Hacker News new | ask | show | jobs
by trishume 3422 days ago
Shameless plug: my implementation of Sublime's syntax highlighting engine in Rust has similar optimizations and more. I'm not at my computer to benchmark on the same files but it should be >2x as fast as their "after" numbers just based on lines/second for JS-like files.

This evening I'm even trying to port it to a pure Rust regex engine that should eliminate non-Rust code and make it substantially faster.

It also implements the sublime-syntax format which is a superset of tmlanguage that allows even nicer highlighting.

https://github.com/trishume/syntect

4 comments

So I ran the sqlite3.c benchmark on my machine (a comparable "somewhat powerful" machine) and it took 6.7s with my engine vs 10.9s with the new VSCode one. Both are doing tokenization+theme matching but the machines and exact grammars are not necessarily the same. I'm using ST3's C grammar but they are using a different one. It could be that I ran it on a faster computer with an easier grammar, or it could be the opposite. It's close enough I'm not willing to claim my engine is substantially faster.

For context Sublime Text 3 takes 2 seconds with the same grammar and same file on the same computer due to using a better custom regex engine written specifically for highlighting.

Given what alexdima mentioned in a different comment about spending most of the time in the regex engine, I'm not sure that my engine would be substantially faster under exactly identical conditions since I'm also bottlenecked by Oniguruma.

However, maybe after I port my engine to https://github.com/google/fancy-regex I'll be substantially faster. And if I do it is likely they could also benefit from a fancy-regex port.

Thanks for this.
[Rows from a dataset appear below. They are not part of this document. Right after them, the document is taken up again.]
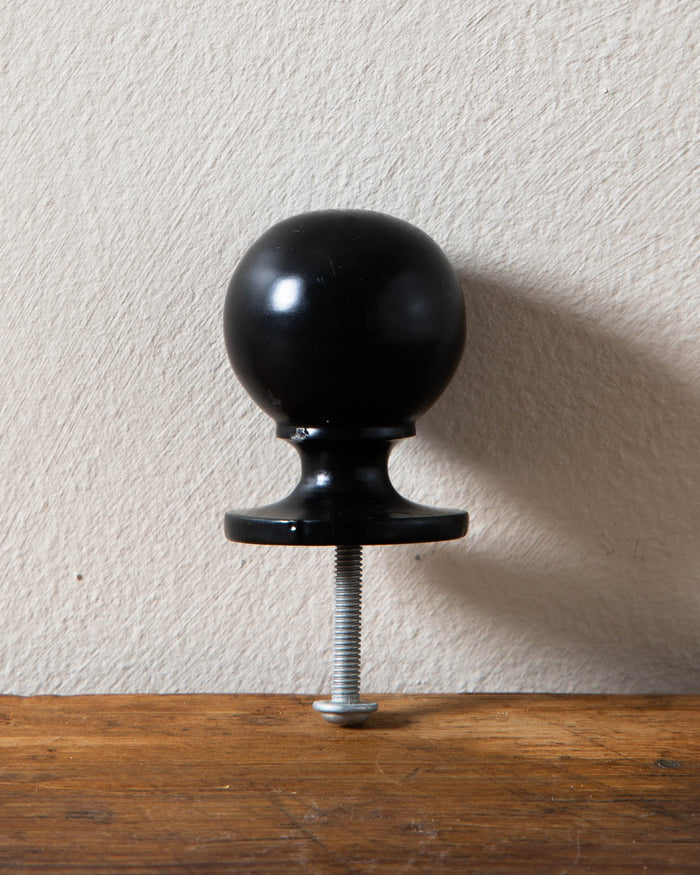 Ball Cabinet Knob - Lone Fox
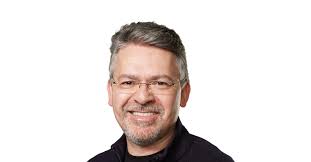 Lidé z Applu: Luca Maestri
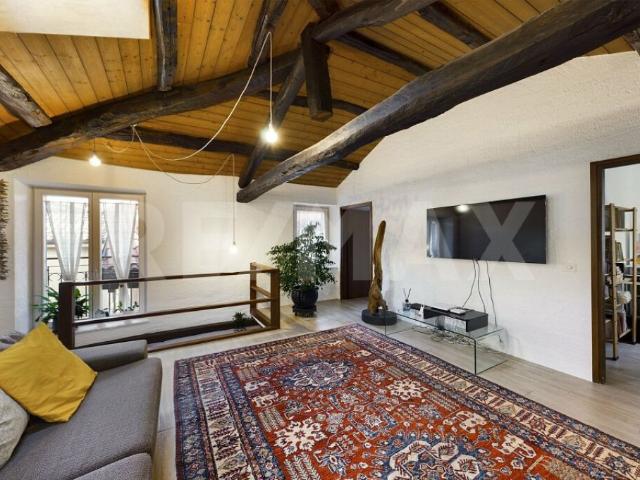 Grande casa di nucleo da poco rinnovata con charme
Clearly the original post describes good work, but I can't help feeling the JS community is slacking off when it comes to performance.

Just eyeballing the cited numbers, they take 3939ms to handle a 1.18MB input on "a somewhat powerful desktop machine". Assuming that that means a chip running at 2GHz, we're talking about over 6300 cycles per byte!

That's quite frankly ridiculous. An improvement by at least one order of magnitude should be possible. Where's the ambition?

(Yes, there's always a trade-off with these things. But I feel someone has to point this out when the OP is explicitly about getting kudos for performance work.)

I hate slowness and inefficiency too, that's why I try to make the editor as fast as possible :), but at least in this case, it is not the dynamic nature of JS to blame, but rather the nature of TM grammars. TM grammars consist of rules that have regular expressions, which need to be constantly evaluated; and in order to implement a correct TM grammar interpreter, you must evaluate them.

I've looked in the past for optimization opportunities in the C land (mostly through better caching), which yielded quite nice results [1][2]. I would love if you'd want to take a look too.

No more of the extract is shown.